Potential proposal Virginia highland pool site plan
The Project's Demise: Still No Beltline Swim Teams
The community pool project has been shelved for now. Atlanta Public Schools (APS) formally ended the proposal on May 28, 2025, following the VHCA’s unanimous non-support on May 12th. APS had already worked through ten versions of the agreement with VHPA. Despite the option to continue the lengthy dialogue and work through outstanding issues, APS chose to close the door on the project. This decision was likely influenced by multiple factors: vocal neighbor concerns regarding parking (which signaled a potentially difficult process), the VHCA's formal unanimous non-support of this version of the pre-development agreement, and a consideration of locking up their land for a potential 16-year lease versus maintaining the ability to sell it.
The project ultimately fell into a classic procedural "chicken-or-the-egg" trap. The VHCA, a volunteer organization, viewed this specific moment as their only guaranteed opportunity for community input due to APS's zoning exemption. Therefore, they expected detailed architectural plans, traffic studies, and financial assurances upfront—due diligence that is impossible for an all-volunteer nonprofit to produce without initial seed money. Conversely, the VHPA needed the signed pre-development agreement precisely to be able to fundraise for and create those very plans. This stalemate, coupled with the VHCA’s honest effort to treat every proposal equally, meant the VHCA was effectively treating the VHPA as a seasoned developer rather than a non-profit requiring additional guidance. The VHCA communicated its non-support directly to APS, prompting APS to end the proposal before crucial details could be created. Because VHPA would need to raise the pool’s construction funds from the community, the design and its use would inherently need to meet the majority of community needs; the free market would protect the community from an undesirable project by simply not funding it.
In his new book Abundance, Ezra Klein argues that the biggest obstacles to building the infrastructure we need aren’t technological or financial, they’re often legal and procedural. The failure of this specific project serves as a poignant local example. Ultimately, this passionately championed vision succumbed to the impact of a vocal minority and the procedural hurdles that acted as local 'red tape'. Consequently, Virginia-Highland and the wider Beltline communities will continue to lack public pools capable of hosting swim teams.
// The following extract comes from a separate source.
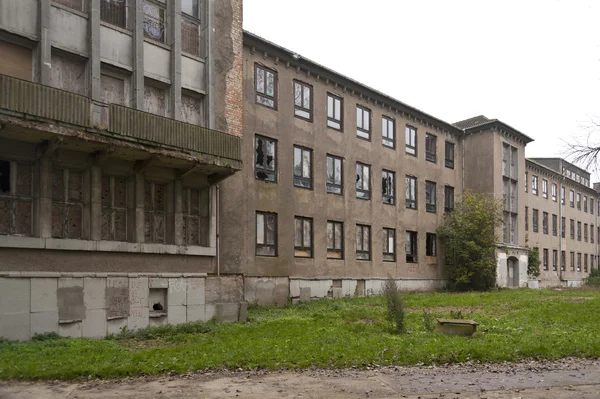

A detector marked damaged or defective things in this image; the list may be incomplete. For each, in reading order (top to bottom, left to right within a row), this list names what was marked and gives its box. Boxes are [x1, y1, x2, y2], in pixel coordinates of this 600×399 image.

The unfulfilled need and the lessons from this ambitious attempt persist, serving as a testament that while the groundwork was laid, the true cost of these collective hurdles remains evident. If we want more public goods—more pools, parks, and transit—we'll need more than good ideas. We'll need courage to challenge the status quo. And that starts with asking: what are we really protecting when we say no?
A Path Forward: Recommendations for Future Projects
If Atlanta is to build the public amenities its communities deserve, the approval process itself must be reformed. This requires a collaborative approach with specific roles for our city's institutions. The City of Atlanta Department of Parks and Recreation (DPR) and Atlanta Public Schools (APS) Athletics are well-positioned for such collaboration, as their missions and strategic goals significantly overlap. Both prioritize equity, youth development, community engagement, facility optimization, and safety.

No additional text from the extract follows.